■ Task requirements ■
In the entries below, find the line with "Baby in Bloom" and the line with "Schreiben, Textanzeige langsamer". Return those two lines and all lines between them, exactly.

■ Data for analysis ■
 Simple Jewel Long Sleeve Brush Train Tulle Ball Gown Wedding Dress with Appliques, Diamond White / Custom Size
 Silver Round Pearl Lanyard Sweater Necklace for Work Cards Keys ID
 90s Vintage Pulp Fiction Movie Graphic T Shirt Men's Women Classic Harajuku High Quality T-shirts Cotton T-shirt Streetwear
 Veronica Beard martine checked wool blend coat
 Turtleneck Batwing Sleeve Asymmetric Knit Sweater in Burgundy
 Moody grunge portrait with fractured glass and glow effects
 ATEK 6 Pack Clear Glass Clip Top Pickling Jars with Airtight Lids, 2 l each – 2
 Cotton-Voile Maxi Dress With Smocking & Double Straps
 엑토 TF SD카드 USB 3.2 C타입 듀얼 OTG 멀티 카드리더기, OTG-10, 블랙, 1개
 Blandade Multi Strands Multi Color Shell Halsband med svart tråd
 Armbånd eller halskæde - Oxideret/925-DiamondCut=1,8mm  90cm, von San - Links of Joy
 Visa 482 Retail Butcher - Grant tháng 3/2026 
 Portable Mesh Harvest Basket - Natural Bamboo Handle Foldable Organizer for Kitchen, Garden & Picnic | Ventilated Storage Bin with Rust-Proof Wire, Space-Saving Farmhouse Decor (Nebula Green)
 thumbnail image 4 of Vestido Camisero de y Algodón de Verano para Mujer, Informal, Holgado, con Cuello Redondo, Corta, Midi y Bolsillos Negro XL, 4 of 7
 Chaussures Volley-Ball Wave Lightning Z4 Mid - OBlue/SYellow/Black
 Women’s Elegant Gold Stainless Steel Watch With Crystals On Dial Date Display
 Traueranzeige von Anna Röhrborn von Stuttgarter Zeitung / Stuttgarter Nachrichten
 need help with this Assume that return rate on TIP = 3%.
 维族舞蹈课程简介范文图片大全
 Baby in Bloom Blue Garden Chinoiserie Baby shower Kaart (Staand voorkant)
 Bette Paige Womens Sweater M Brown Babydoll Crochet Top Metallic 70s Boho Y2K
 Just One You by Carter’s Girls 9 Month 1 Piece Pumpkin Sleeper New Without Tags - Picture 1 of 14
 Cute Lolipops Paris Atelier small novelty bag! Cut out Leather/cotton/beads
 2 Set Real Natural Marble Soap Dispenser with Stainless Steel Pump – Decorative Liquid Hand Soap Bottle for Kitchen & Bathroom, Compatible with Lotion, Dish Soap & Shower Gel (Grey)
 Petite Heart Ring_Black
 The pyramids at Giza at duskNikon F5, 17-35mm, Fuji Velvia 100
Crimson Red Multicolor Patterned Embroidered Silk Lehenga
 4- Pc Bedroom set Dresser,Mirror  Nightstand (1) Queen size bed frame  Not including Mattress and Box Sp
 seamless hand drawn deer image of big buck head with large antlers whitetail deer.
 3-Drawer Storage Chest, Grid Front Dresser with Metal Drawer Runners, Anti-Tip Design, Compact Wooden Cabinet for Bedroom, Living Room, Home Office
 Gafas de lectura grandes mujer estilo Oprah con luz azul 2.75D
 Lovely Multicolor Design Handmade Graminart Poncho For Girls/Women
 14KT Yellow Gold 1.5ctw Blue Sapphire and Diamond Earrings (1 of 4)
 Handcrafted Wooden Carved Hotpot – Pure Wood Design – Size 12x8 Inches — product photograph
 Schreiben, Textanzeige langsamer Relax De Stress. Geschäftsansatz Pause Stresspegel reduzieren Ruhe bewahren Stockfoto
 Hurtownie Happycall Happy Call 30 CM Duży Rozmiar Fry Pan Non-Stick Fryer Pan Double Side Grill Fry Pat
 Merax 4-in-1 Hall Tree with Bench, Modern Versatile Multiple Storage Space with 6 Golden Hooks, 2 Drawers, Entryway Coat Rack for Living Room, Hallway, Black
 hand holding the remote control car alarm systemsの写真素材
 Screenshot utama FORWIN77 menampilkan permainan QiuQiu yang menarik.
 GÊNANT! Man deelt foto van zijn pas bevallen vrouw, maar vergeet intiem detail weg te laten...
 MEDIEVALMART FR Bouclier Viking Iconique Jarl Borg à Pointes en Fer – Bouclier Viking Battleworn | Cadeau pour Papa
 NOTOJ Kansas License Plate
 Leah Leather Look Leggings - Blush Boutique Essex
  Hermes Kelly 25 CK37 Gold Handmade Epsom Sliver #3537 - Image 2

■ Response to the exercise ■
 Baby in Bloom Blue Garden Chinoiserie Baby shower Kaart (Staand voorkant)
 Bette Paige Womens Sweater M Brown Babydoll Crochet Top Metallic 70s Boho Y2K
 Just One You by Carter’s Girls 9 Month 1 Piece Pumpkin Sleeper New Without Tags - Picture 1 of 14
 Cute Lolipops Paris Atelier small novelty bag! Cut out Leather/cotton/beads
 2 Set Real Natural Marble Soap Dispenser with Stainless Steel Pump – Decorative Liquid Hand Soap Bottle for Kitchen & Bathroom, Compatible with Lotion, Dish Soap & Shower Gel (Grey)
 Petite Heart Ring_Black
 The pyramids at Giza at duskNikon F5, 17-35mm, Fuji Velvia 100
Crimson Red Multicolor Patterned Embroidered Silk Lehenga
 4- Pc Bedroom set Dresser,Mirror  Nightstand (1) Queen size bed frame  Not including Mattress and Box Sp
 seamless hand drawn deer image of big buck head with large antlers whitetail deer.
 3-Drawer Storage Chest, Grid Front Dresser with Metal Drawer Runners, Anti-Tip Design, Compact Wooden Cabinet for Bedroom, Living Room, Home Office
 Gafas de lectura grandes mujer estilo Oprah con luz azul 2.75D
 Lovely Multicolor Design Handmade Graminart Poncho For Girls/Women
 14KT Yellow Gold 1.5ctw Blue Sapphire and Diamond Earrings (1 of 4)
 Handcrafted Wooden Carved Hotpot – Pure Wood Design – Size 12x8 Inches — product photograph
 Schreiben, Textanzeige langsamer Relax De Stress. Geschäftsansatz Pause Stresspegel reduzieren Ruhe bewahren Stockfoto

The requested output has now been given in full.